*** Begin section ***
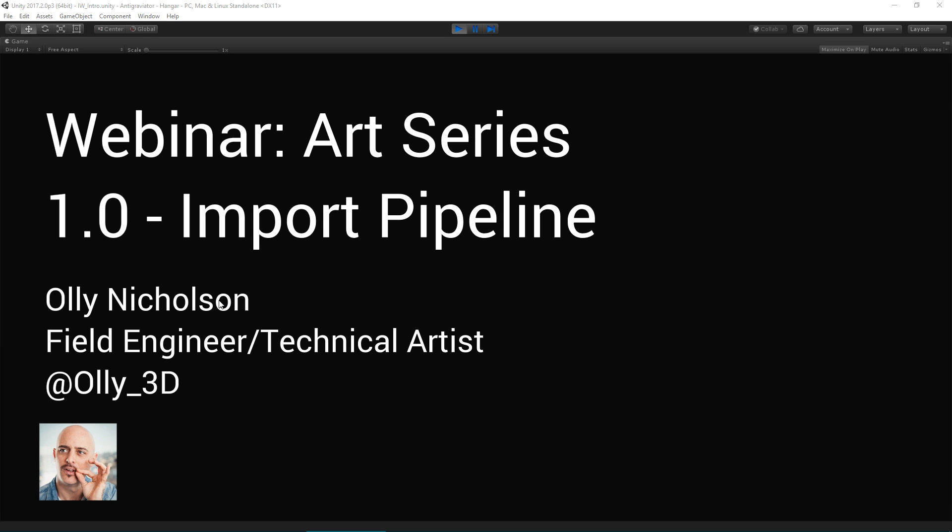Welcome everybody, my name is Oli Nicholson and I'm a technical artist and field engineer here at Unity. This session will walk you through our digital content creation tool import improvements and briefly cover our 3D import pipeline.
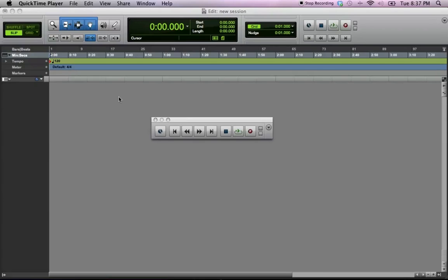Hello, this is C-Dubb with ProducerClubhouse.com, and today I'm going to show you how to change the time, or the tempo, and the time signature to your song before you even start recording.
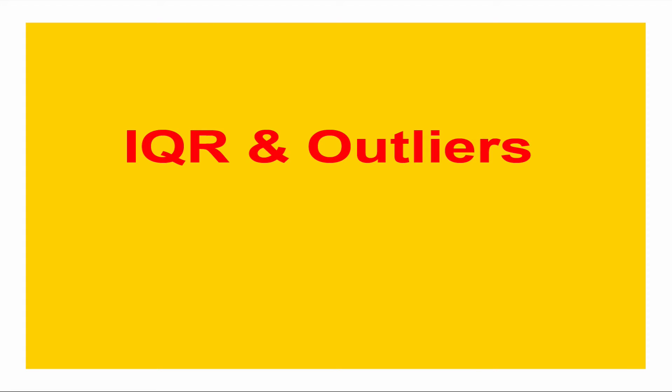In this presentation we're going to go over IQR and outliers. First, what is IQR?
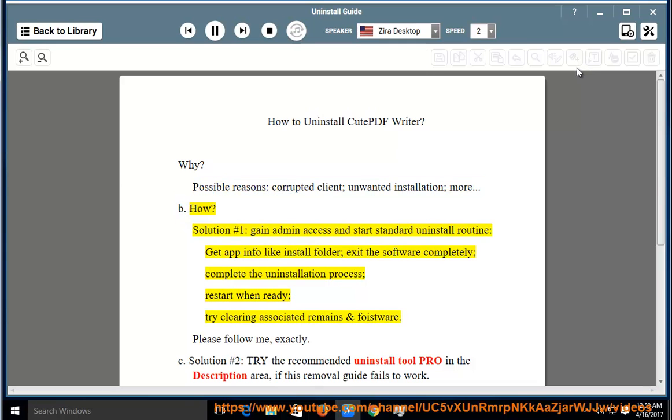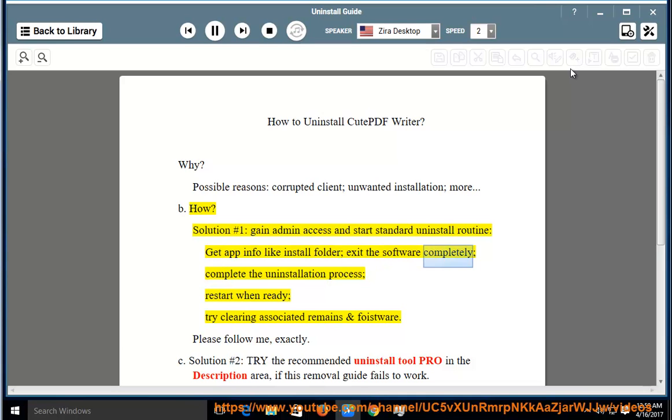How? Solution number 1: gain admin access and start standard uninstall routine. Get app info like install folder, exit the software completely.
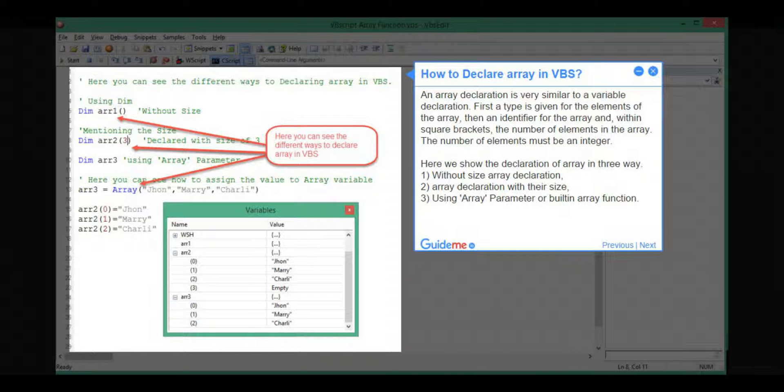Here we show the declaration of Array in 3 ways: 1, without size array declaration; 2, array declaration with their size; 3, using Array Parameter or built-in Array Function.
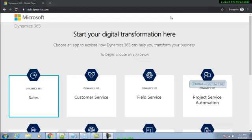Hello guys, good morning, good afternoon, good evening. Today I'm going to show you how to do a sign up for the free trial version for Dynamics 365 CE. You have to go first to this URL: trials.dynamics.com.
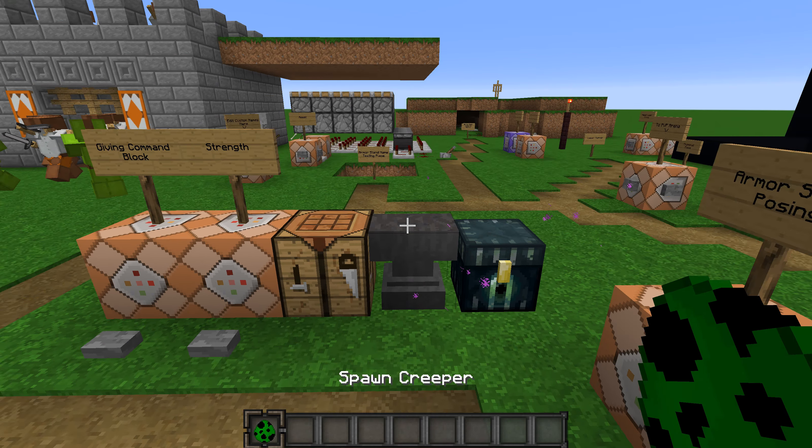I'll also teach you how to do this with armor stands — it's a little bit different. It's basically the same thing except you change the entity ID to armor_stand, and then you don't need the EntityTag wrapper — just put the tag directly in, like Invisible:1.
*** End section ***
How to complete this task =
Could you print the material above word for word and skip the images?

Final answer =
Welcome everybody, my name is Oli Nicholson and I'm a technical artist and field engineer here at Unity. This session will walk you through our digital content creation tool import improvements and briefly cover our 3D import pipeline.
Hello, this is C-Dubb with ProducerClubhouse.com, and today I'm going to show you how to change the time, or the tempo, and the time signature to your song before you even start recording.
In this presentation we're going to go over IQR and outliers. First, what is IQR?
How? Solution number 1: gain admin access and start standard uninstall routine. Get app info like install folder, exit the software completely.
Here we show the declaration of Array in 3 ways: 1, without size array declaration; 2, array declaration with their size; 3, using Array Parameter or built-in Array Function.
Hello guys, good morning, good afternoon, good evening. Today I'm going to show you how to do a sign up for the free trial version for Dynamics 365 CE. You have to go first to this URL: trials.dynamics.com.
I'll also teach you how to do this with armor stands — it's a little bit different. It's basically the same thing except you change the entity ID to armor_stand, and then you don't need the EntityTag wrapper — just put the tag directly in, like Invisible:1.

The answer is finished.